-- Data section follows --

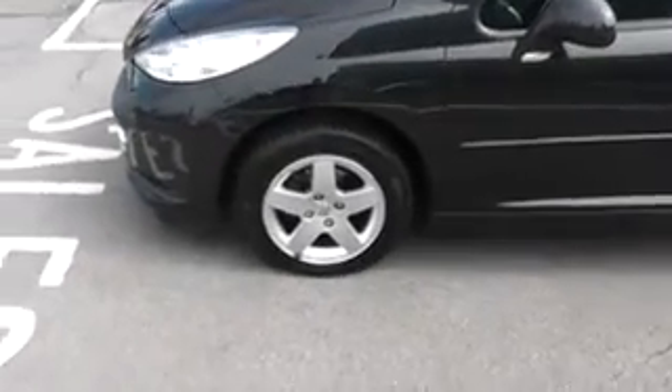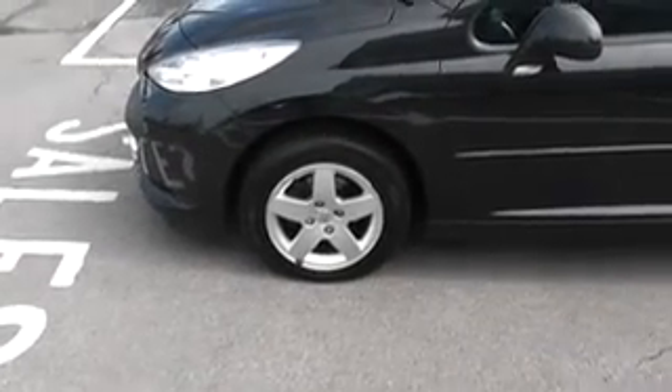Alloy wheels in good condition showing no sign of any kerbing, and all the tyres on the car are completely legal. Body panels in good condition showing no sign of any scuffs, scrapes or dents.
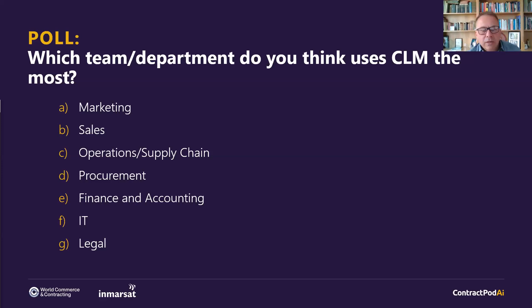Looking at the results: 44% of people said procurement, 31% said legal. So 75% — three quarters of participants — think it's procurement and legal, closely followed by operations and supply chain. Bang on.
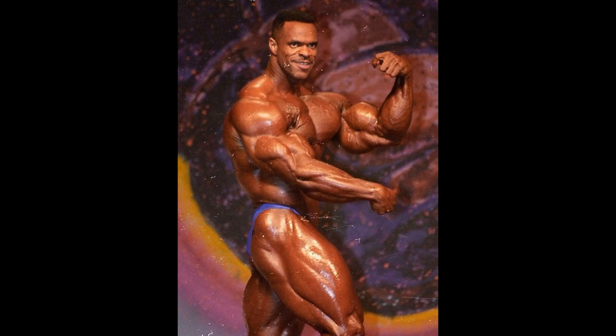Not a lot of big guys can say that. Look at that tiny waist and massive legs, arms, back, thick chest. And don't forget the calves — this man had that as well.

-- Data section concluded --

◆ **What you are asked to do**: Please output the listing above exactly from its first line through the line with "Looking at the", both included, and nothing beyond that line. Omit pictures.

◆ **Solution to this problem**:
Alloy wheels in good condition showing no sign of any kerbing, and all the tyres on the car are completely legal. Body panels in good condition showing no sign of any scuffs, scrapes or dents.
Looking at the results: 44% of people said procurement, 31% said legal. So 75% — three quarters of participants — think it's procurement and legal, closely followed by operations and supply chain. Bang on.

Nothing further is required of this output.